An American's Revelation

April 10, 2008 at 5:45 AM

Another lesson night. Instead of starting on an "easy" scale, we jumped right into me demonstrating my mastery of the 3 octave F# scale. I use the term "mastery" very loosely - it means that I played it "relatively" in tune (again, "relatively" is loosely defined) and managed the shifts up to 8th position gracefully (somewhat).

One thing that I NEVER would have expected in playing a scale during lessons - stage fright, or at least one of my stage fright symptoms (though I didn't have the "butterflies"): the shaking bow syndrome. Once I started playing something that I felt a little more comfortable with technically, the shaking stopped. I need to think about this a little more.

The upside to this scale experience, is that my left hand position in 8th position over several days of intense focus and practice received a positive comment, though my intonation and approach (too fast of a shift) to the nether-region got a workout.

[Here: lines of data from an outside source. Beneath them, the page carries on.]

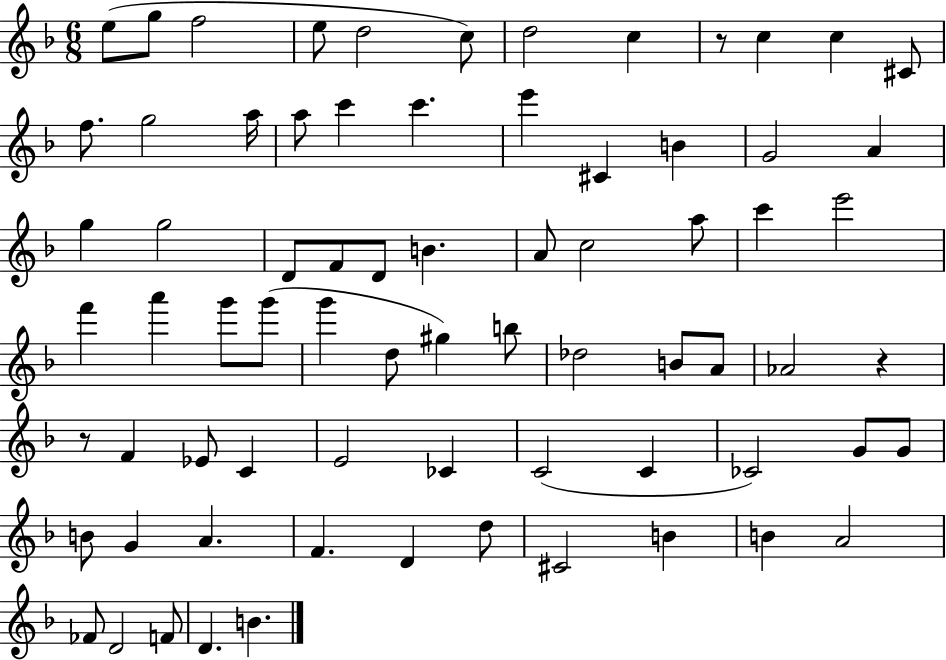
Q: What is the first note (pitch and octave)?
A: E5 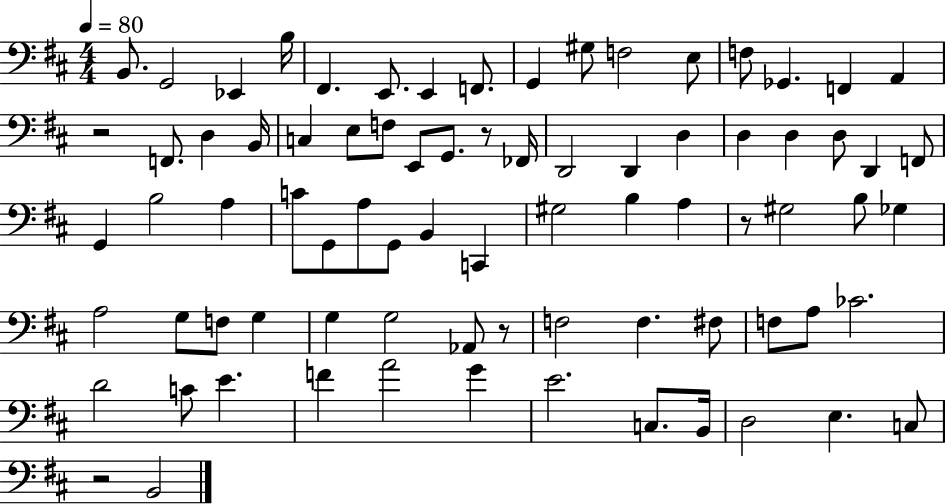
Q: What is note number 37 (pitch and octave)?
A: C4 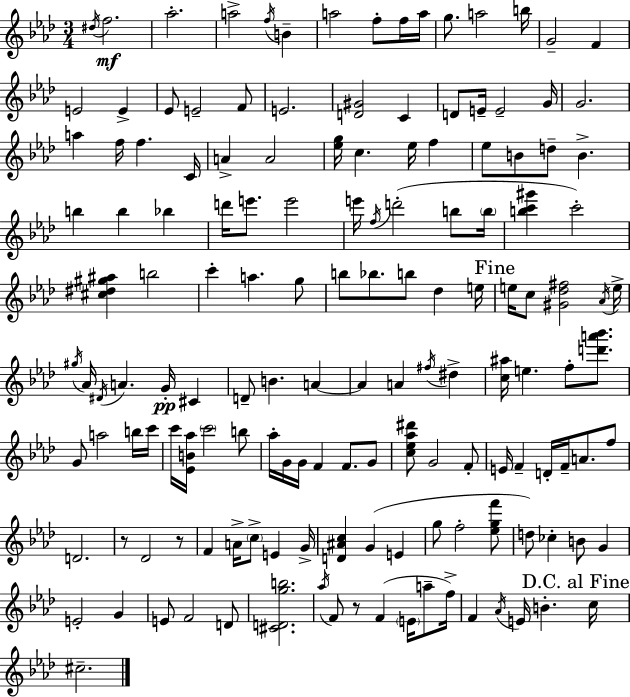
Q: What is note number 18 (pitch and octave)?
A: Eb4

My teacher is now moving me forwards to new methods of torture: the minor scales, and more forte/piano bowing exercises at the tip. I received a music theory crash-course (after re-confirming again that I've NEVER taken a music theory class in my life) on the various minor scales: harmonic, melodic and natural. All of which he wrote down in my scale book. Afterwards we played an A Minor scale two of the three ways.

Then onto the fun! Sight reading!!!! I had brought with me all my newly acquired quartet music (viola parts only), plus two concertos and a sonata (Clarke's) that I haven't tried playing on my own yet. Joel rummaged through the stack of music and picked Dvorak's American Quartet.

I learned quite a few things tonight about my sight reading skills.
- after a few tries playing with someone experienced that I can pick up a new rhythm fairly quickly
- I think alot and often on the best fingerings (not a sight reading strong point)
- when I get lost (or start on the wrong measure) I can quickly find my place again
- I adjust my bowing to match the leader in my "section" without thinking about it.